In this section, we will load the MNIST dataset and prepare it for training our CNN model.  Preprocessing steps are crucial to ensure our data is in the right format for the model to learn effectively.

**Instructions:**

1.  **Read through the code in the cell below.**  Understand how it loads the MNIST dataset and what preprocessing steps are applied.
2.  **Execute the code cell.**
3.  **Examine the comments in the code** to understand each preprocessing step in detail.

In [2]:
## Cell 2: Data Loading and Preprocessing
# -------------------------------
# Load the MNIST dataset
(x_train, y_train), (x_test, y_test) = mnist.load_data()

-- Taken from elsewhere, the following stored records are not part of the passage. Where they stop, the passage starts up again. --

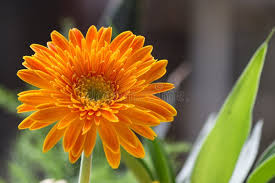 Image result for Gerbera viridifolia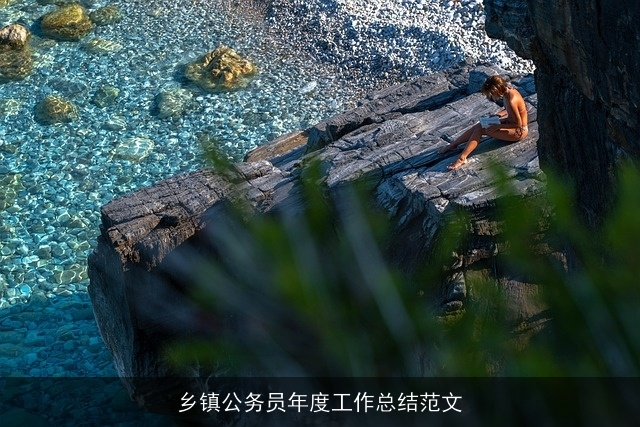 乡镇公务员年度工作总结范文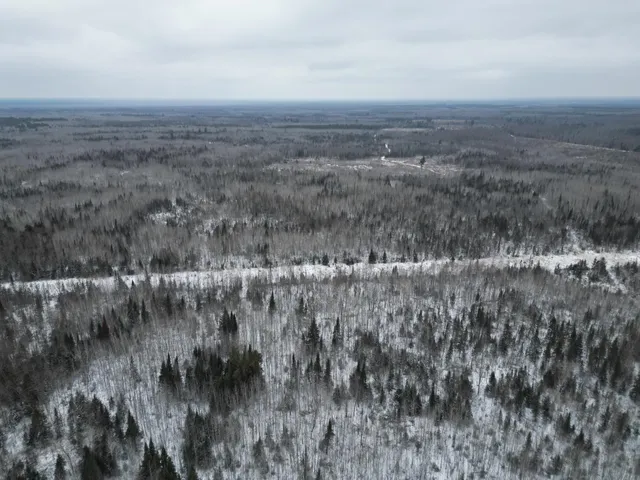 $154,900 | Tbd Tbd Us-71 Big Falls, Big Falls, MN 56627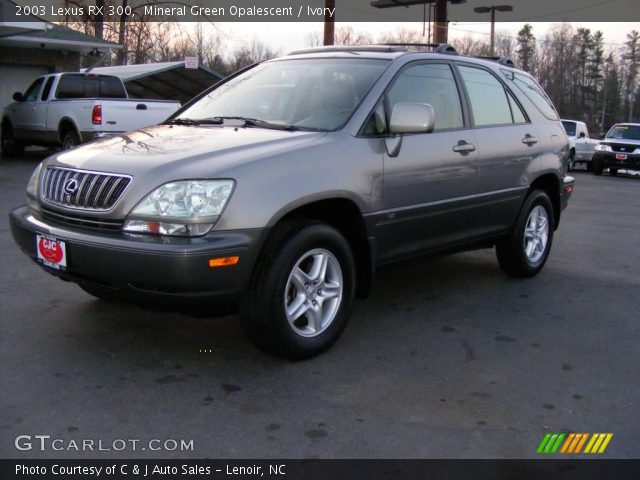 2003 Lexus RX 300 in Mineral Green Opalescent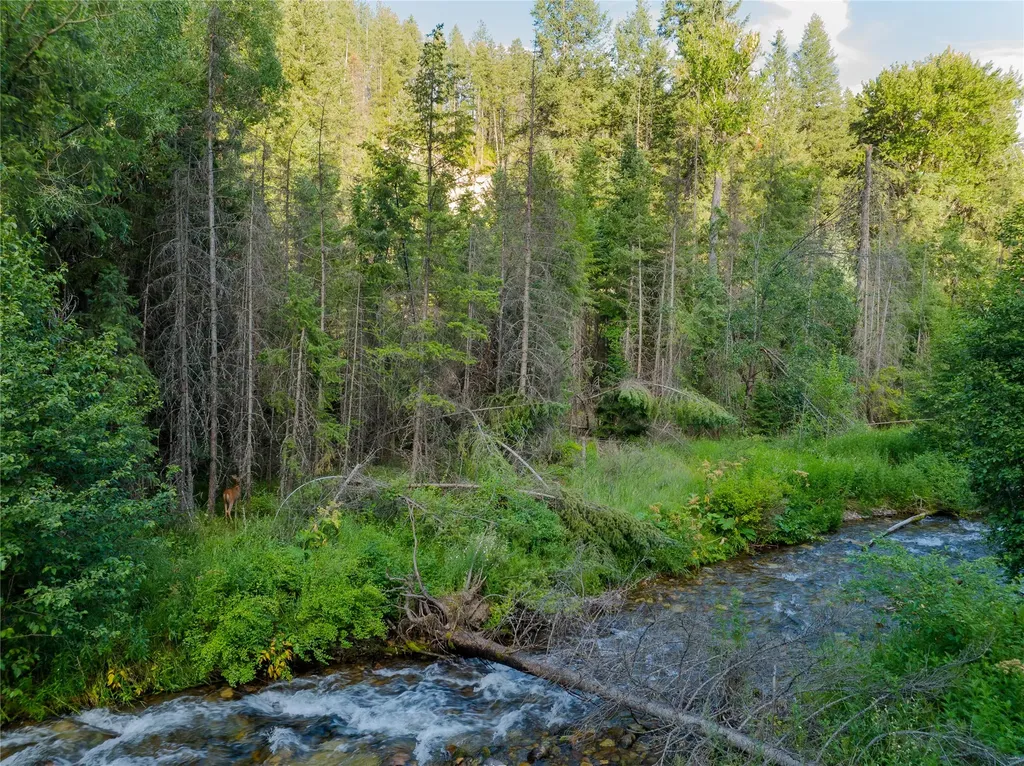 82 Graves Creek Road Thompson Falls MT 59873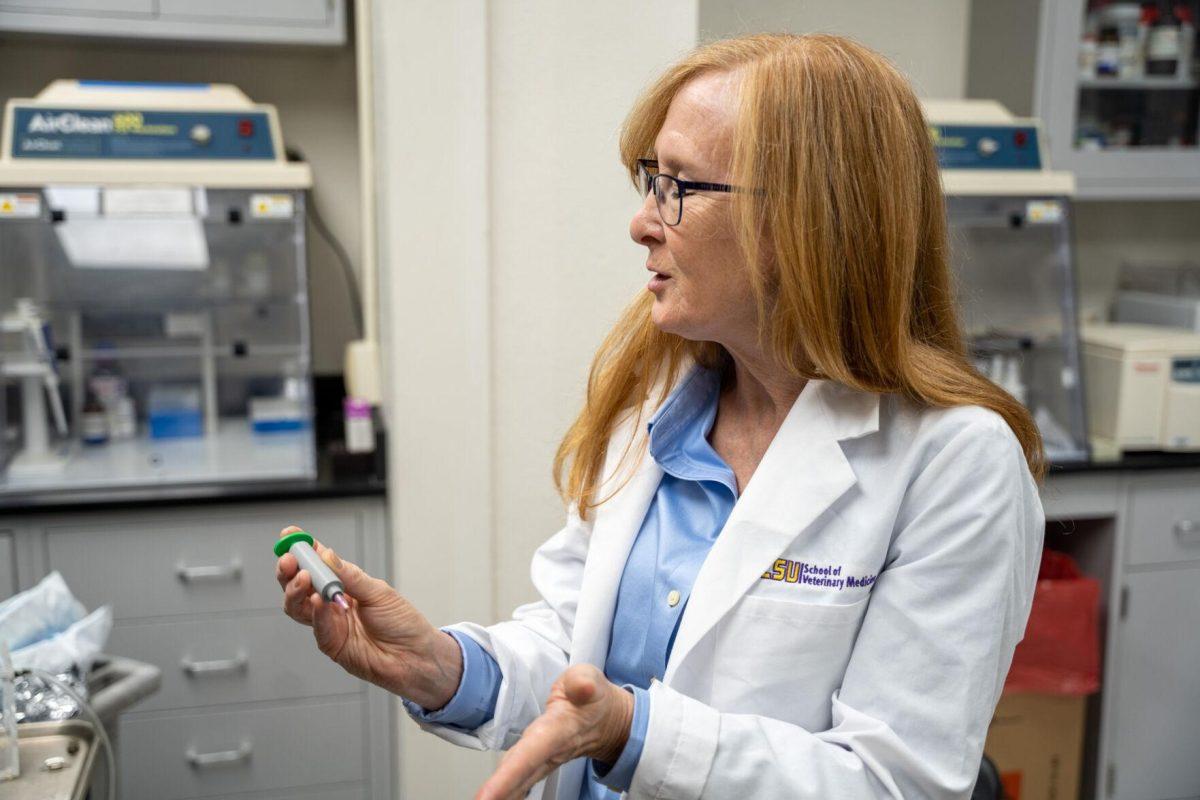 LSU veterinary doctor Mandi Lopez explains her new patented syringe Wednesday, April 17, 2024, at the LSU School of Veterinary Medicine on Skip Bertman Drive in Baton Rouge, La.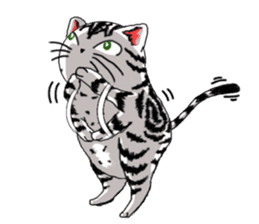American Shorthair Cats sticker #577579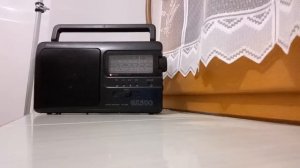 Panasonic RF-3500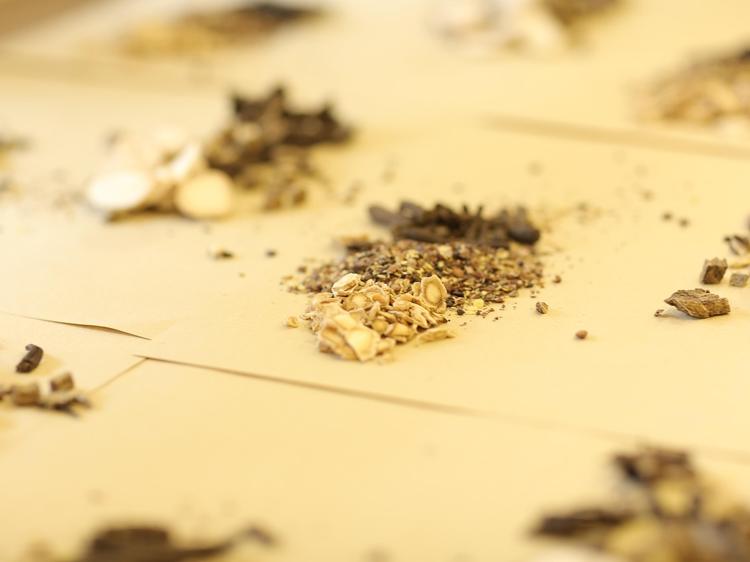 肾虚型耳鸣能缓解吗？科学调理+3个恢复关键帮你改善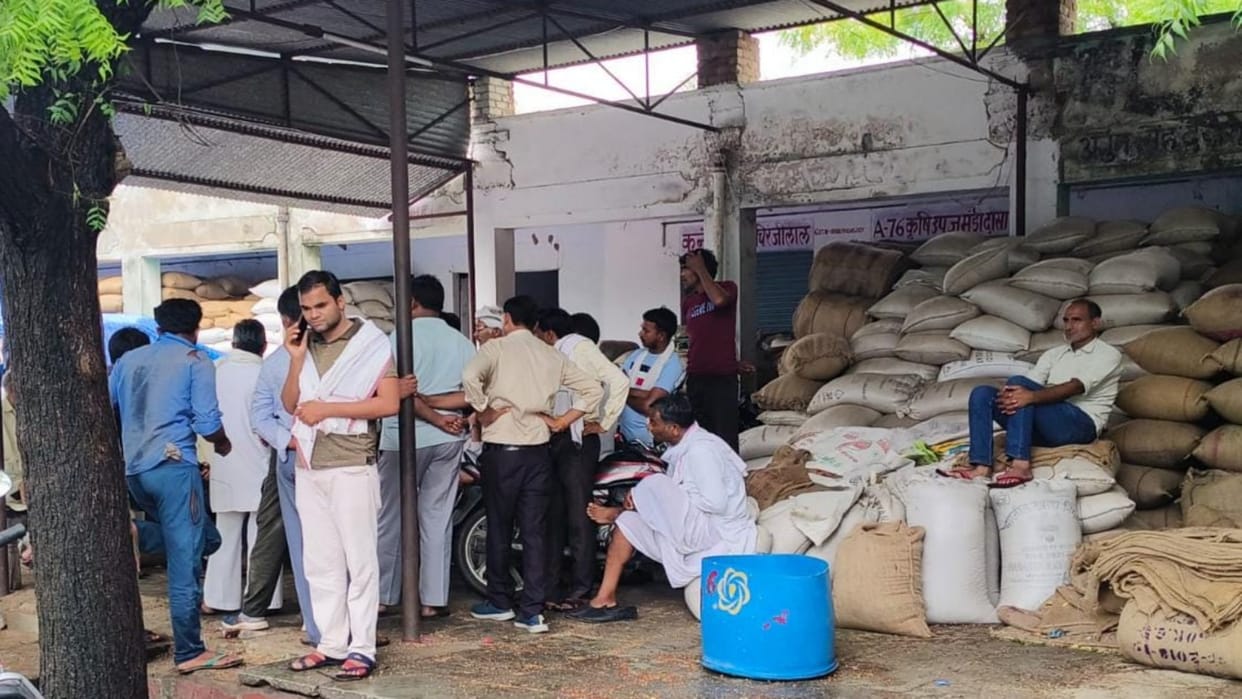 Dausa News Taramira and mustard-filled bags worth seven lakh rupees stolen from merchant shop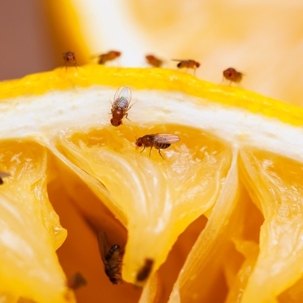 what do fruit flies eat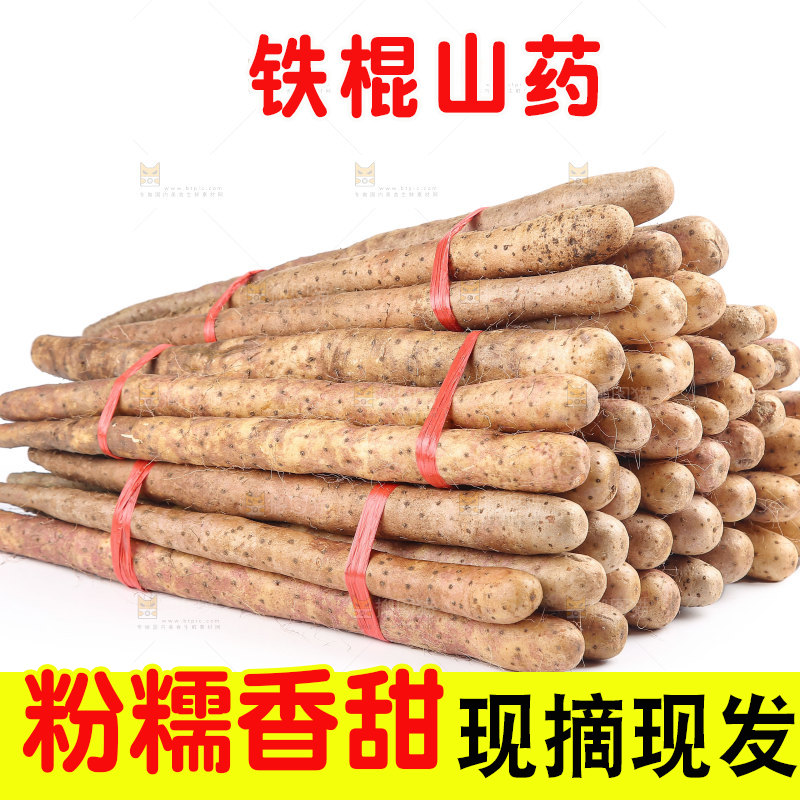 铁棍山药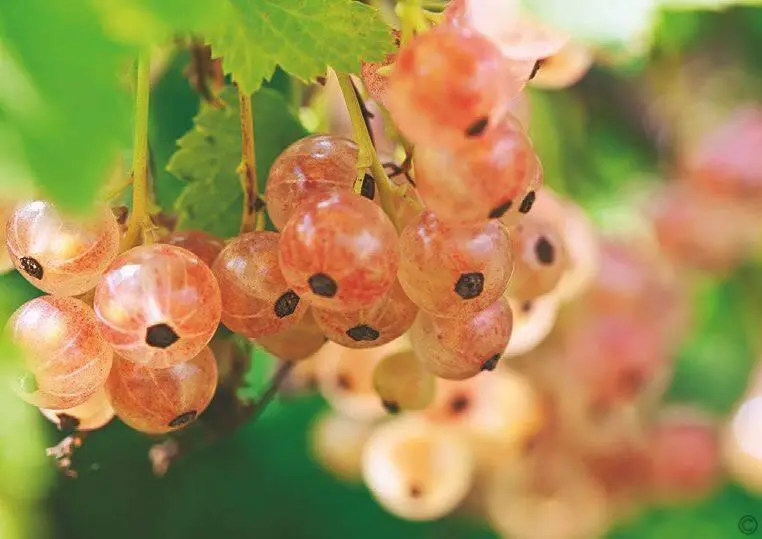 Плоды белой смородины могут различаться по цвету быть немного розоватыми - фото 59
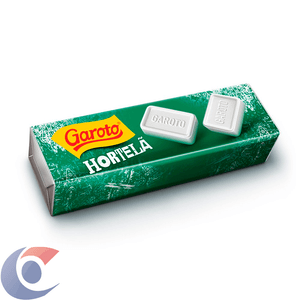 Pastilha Garoto Hortelã 17g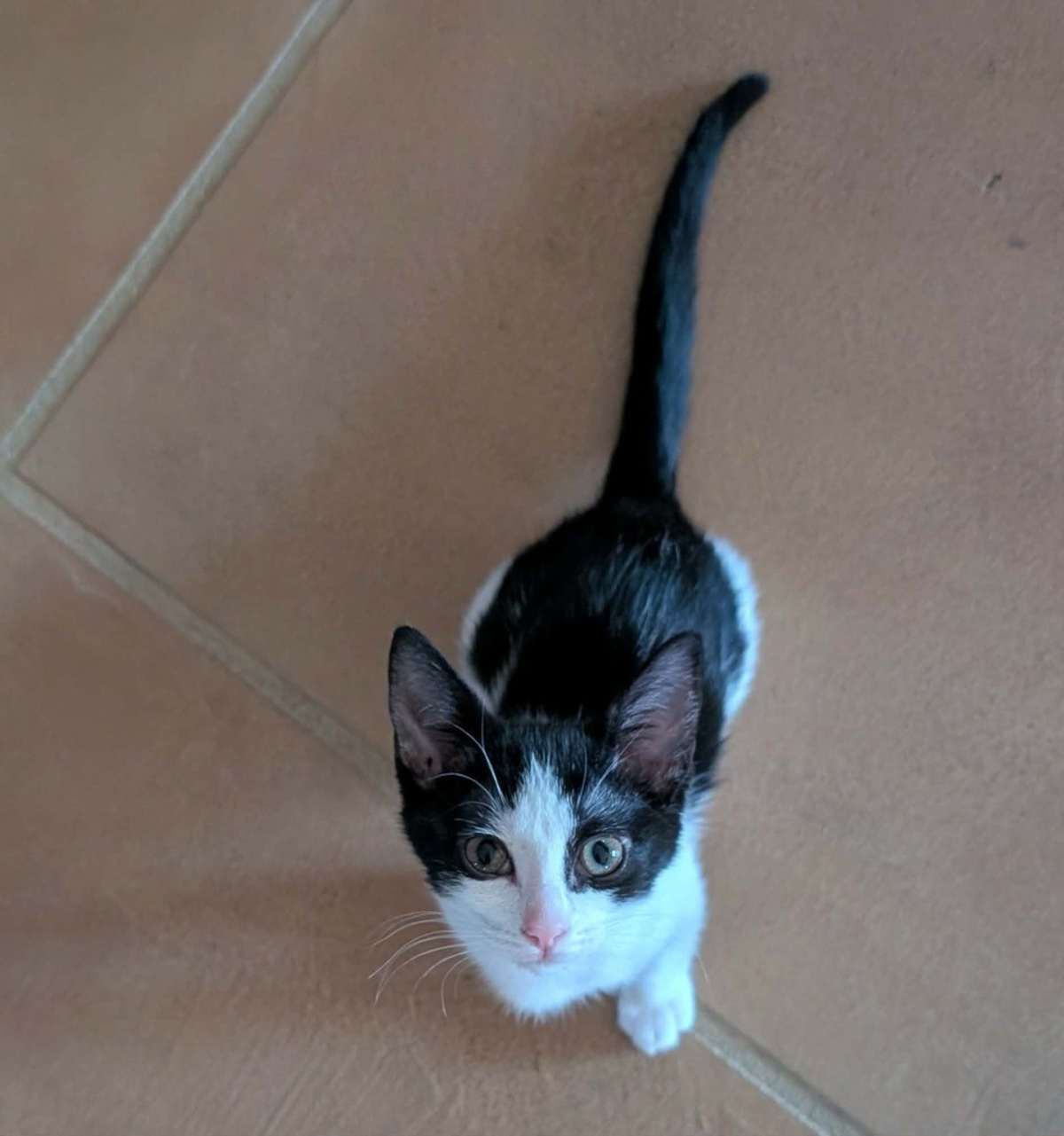 TADPOLE 2 - Domestic Shorthair available for adoption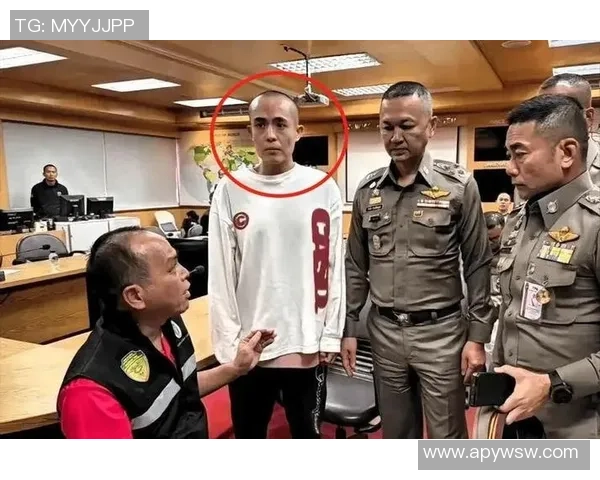 西安篮球队逆袭之路：从困境到崛起的精彩反击解析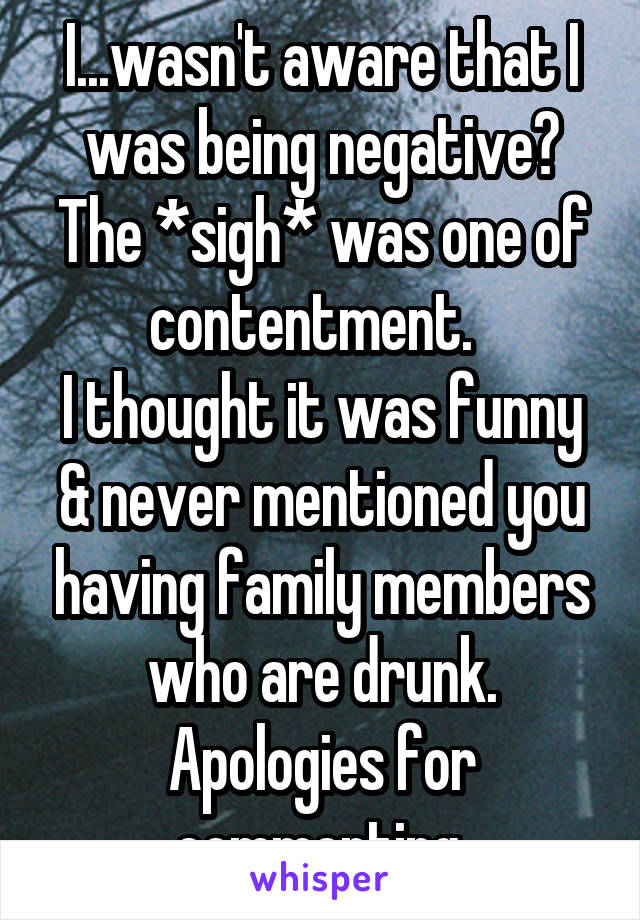 I...wasn't aware that I was being negative?
The *sigh* was one of contentment.  
I thought it was funny & never mentioned you having family members who are drunk.
Apologies for commenting.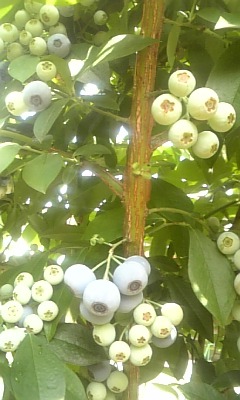 こぐち歯科出雲鉢植え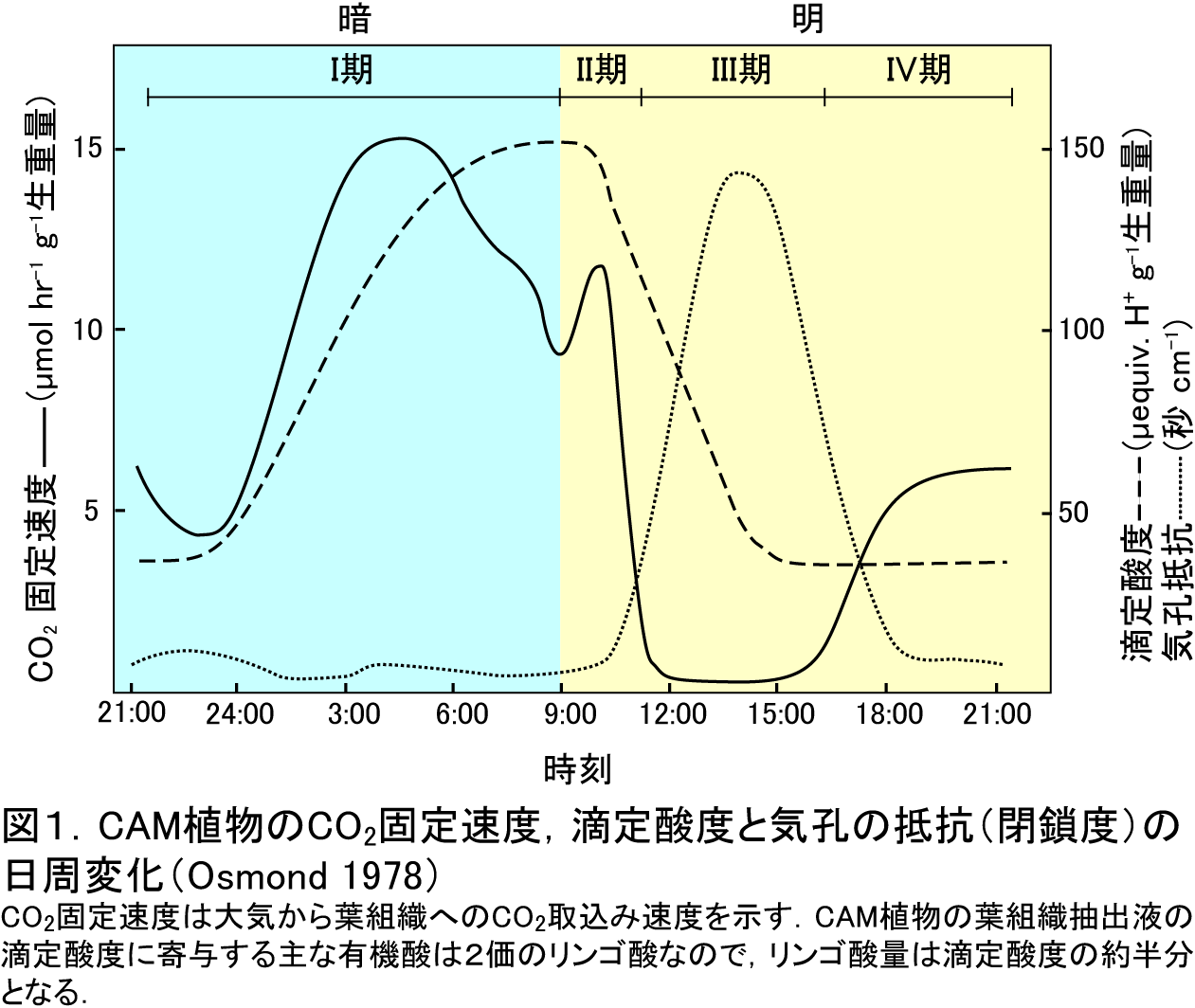 4phases-cs3-v5b.png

# Normalize the pixel values to the range [0, 1]
x_train = x_train.astype("float32") / 255.0
x_test = x_test.astype("float32") / 255.0

# Reshape the data to include the channel dimension (28x28x1)
x_train = x_train.reshape(-1, 28, 28, 1)
x_test = x_test.reshape(-1, 28, 28, 1)

# One-hot encode the labels
num_classes = 10
y_train = to_categorical(y_train, num_classes)
y_test = to_categorical(y_test, num_classes)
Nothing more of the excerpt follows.